The problem >> Scan the records beneath this line for the line holding "现货14颗黄金矩阵灯暖白光led点控跑马洗墙背景舞台灯光dmx512" and the line holding "brand summer casual", then transcribe exactly those two and all lines between.

(Data for processing)

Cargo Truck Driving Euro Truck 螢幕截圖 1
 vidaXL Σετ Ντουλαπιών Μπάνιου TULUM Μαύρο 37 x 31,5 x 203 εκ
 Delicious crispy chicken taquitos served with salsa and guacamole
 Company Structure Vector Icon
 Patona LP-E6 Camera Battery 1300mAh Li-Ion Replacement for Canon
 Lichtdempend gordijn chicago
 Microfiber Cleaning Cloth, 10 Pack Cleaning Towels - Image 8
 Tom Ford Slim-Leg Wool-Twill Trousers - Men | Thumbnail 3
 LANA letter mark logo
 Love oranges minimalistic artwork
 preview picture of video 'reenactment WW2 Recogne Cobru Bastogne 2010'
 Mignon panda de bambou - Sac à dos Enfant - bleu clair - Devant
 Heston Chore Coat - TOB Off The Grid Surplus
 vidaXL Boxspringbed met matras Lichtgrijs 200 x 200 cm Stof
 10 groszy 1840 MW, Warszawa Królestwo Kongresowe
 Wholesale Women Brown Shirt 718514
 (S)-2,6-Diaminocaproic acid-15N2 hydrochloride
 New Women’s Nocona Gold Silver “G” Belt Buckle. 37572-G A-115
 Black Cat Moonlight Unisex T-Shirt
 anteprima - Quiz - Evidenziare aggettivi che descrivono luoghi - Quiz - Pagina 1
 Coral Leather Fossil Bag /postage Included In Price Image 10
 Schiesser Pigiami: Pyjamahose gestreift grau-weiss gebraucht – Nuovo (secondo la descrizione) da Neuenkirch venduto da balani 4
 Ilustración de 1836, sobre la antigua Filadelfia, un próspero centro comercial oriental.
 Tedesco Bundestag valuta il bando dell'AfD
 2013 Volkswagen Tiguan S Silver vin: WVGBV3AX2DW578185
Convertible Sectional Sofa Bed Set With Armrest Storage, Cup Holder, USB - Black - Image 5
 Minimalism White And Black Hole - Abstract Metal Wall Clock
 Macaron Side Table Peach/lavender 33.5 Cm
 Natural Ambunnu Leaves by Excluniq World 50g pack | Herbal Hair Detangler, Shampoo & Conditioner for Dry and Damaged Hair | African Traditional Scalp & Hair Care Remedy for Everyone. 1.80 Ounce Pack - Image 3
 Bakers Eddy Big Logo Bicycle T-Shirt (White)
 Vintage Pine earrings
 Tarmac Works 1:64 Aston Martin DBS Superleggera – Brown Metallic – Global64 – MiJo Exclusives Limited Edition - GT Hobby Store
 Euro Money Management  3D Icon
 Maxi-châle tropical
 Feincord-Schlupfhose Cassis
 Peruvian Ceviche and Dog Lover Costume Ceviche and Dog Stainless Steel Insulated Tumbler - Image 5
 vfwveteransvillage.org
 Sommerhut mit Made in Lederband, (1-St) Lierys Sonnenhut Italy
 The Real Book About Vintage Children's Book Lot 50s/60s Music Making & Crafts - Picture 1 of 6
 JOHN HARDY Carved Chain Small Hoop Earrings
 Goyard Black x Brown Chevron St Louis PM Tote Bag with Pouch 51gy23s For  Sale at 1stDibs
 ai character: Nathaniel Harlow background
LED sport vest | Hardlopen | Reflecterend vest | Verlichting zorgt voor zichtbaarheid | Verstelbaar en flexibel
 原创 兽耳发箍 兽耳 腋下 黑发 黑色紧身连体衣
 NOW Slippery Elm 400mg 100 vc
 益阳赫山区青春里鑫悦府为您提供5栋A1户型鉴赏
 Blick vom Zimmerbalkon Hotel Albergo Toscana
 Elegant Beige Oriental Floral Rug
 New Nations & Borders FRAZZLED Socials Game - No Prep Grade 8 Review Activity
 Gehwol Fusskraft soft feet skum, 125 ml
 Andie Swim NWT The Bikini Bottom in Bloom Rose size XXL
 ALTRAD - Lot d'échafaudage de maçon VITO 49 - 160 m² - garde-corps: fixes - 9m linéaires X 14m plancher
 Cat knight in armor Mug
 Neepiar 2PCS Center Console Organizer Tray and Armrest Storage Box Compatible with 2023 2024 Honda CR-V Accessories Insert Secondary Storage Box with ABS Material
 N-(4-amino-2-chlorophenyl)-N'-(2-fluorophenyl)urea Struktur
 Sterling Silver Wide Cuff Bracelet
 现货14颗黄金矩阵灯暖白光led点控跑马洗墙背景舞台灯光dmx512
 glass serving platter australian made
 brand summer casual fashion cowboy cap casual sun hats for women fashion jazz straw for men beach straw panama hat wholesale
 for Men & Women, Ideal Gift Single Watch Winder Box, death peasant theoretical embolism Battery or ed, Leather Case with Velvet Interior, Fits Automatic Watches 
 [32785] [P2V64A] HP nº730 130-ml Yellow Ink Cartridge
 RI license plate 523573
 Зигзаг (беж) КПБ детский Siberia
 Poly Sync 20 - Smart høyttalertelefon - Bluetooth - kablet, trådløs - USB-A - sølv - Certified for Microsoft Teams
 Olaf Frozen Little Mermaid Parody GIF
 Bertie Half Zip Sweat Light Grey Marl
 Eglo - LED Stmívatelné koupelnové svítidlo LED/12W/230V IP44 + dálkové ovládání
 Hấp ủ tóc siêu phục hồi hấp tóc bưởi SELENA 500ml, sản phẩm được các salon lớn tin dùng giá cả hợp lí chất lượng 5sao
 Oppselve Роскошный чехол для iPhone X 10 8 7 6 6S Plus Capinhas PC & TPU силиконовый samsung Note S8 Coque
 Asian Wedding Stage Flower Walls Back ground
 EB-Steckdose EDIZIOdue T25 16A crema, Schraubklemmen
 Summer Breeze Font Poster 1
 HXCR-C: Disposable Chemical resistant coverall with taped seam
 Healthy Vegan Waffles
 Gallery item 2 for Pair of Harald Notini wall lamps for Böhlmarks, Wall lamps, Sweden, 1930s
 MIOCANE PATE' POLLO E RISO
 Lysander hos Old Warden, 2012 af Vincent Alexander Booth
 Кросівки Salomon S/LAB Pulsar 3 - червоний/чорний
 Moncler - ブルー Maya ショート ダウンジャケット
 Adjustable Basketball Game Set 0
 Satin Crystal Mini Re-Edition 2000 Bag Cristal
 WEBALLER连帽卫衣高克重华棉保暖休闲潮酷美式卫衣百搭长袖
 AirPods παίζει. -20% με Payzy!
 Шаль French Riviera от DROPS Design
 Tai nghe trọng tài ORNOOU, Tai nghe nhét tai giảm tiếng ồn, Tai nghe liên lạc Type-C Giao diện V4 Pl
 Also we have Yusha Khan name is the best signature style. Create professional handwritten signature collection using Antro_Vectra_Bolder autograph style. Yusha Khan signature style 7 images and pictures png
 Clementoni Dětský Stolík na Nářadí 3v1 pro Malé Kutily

(End Data for processing)

Exercise answer >>
 现货14颗黄金矩阵灯暖白光led点控跑马洗墙背景舞台灯光dmx512
 glass serving platter australian made
 brand summer casual fashion cowboy cap casual sun hats for women fashion jazz straw for men beach straw panama hat wholesale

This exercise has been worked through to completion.